I was doing a full-time Masters degree at University and holding down a part time job at the same time, to make ends meet. Every couple of hours I would have to drive home to get a meal or snack ready for the invalids, and bathe Dad's wounds – Poppa fractured a rib, falling out of bed, so he was forbidden to help – and then dash back to University, in between experiments, working late into the night to get everything done. On top of everything, the family cat – sensitive to the environment – kept throwing up onto the carpet.
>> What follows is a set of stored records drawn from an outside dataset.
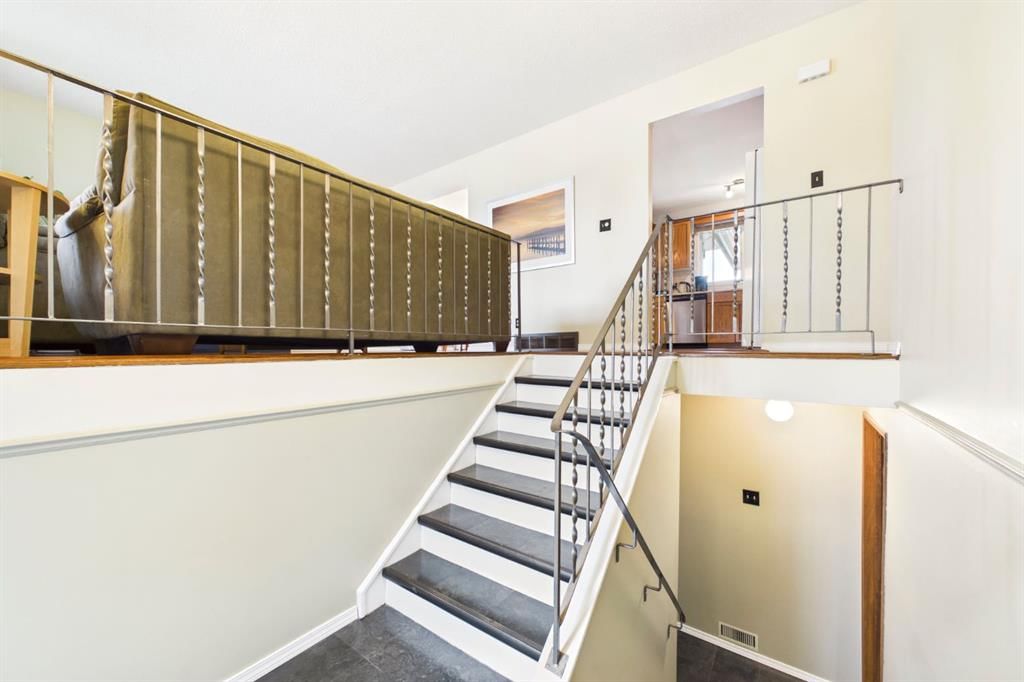 607 Cedarille Way SW, Calgary — photo 4 of 29
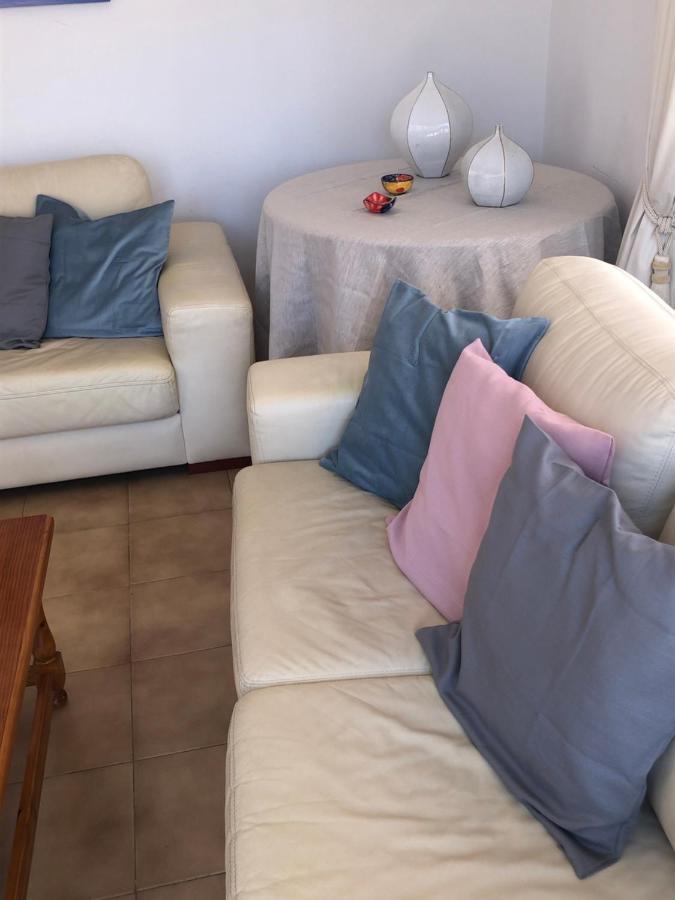 Charming 2 Bed Apartment Next To Cabopino Beach, Spain Marbella Bagian luar foto
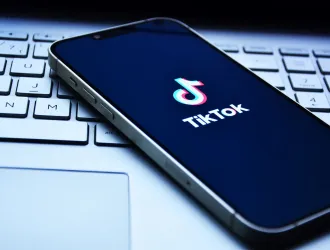 TikTok: Κλείνει με $400 εκατ. τη δικαστική διαμάχη για την παραβίαση προσωπικών δεδομένων παιδιών στις ΗΠΑ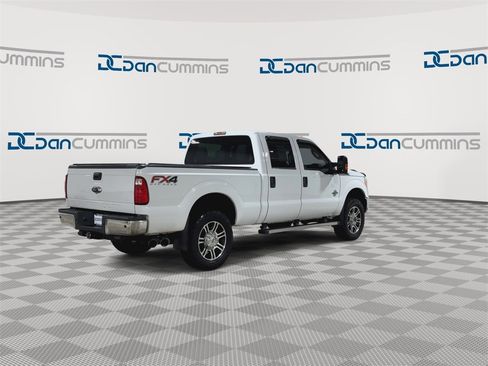 Used 2015 Ford F250 XLT w/ XLT Premium Package image 8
One day as I was turning into our street on one of my mercy dashes home, the muffler of my jalopy fell off and started dragging under the car. This was almost a final straw. I parked in our driveway, fighting tears and a sense of 'not coping', then went inside to prepare morning tea for the invalids. When I got to Poppa's room with a cup of tea, he wasn't there! Feeling doom pending, I went to look for his body but he wasn't in the house. There was a small noise outside and, upon investigation, I found two thin little pyjama'd legs with slippers sticking out from under my car. Poppa had heard the car coming from down the street (with no muffler!) and had slipped out to the garage and got pliers and wire to fix my car. At that point I did cry when I found him, but with tears of love – at this stage as his life was slowly ebbing away from him, his first thought was to try to help me, putting his family before himself – as he always had throughout his life.
Do the right thing. Be the right person. Lo, God is coming To garland Your self-giving life. - Sri Chinmoy.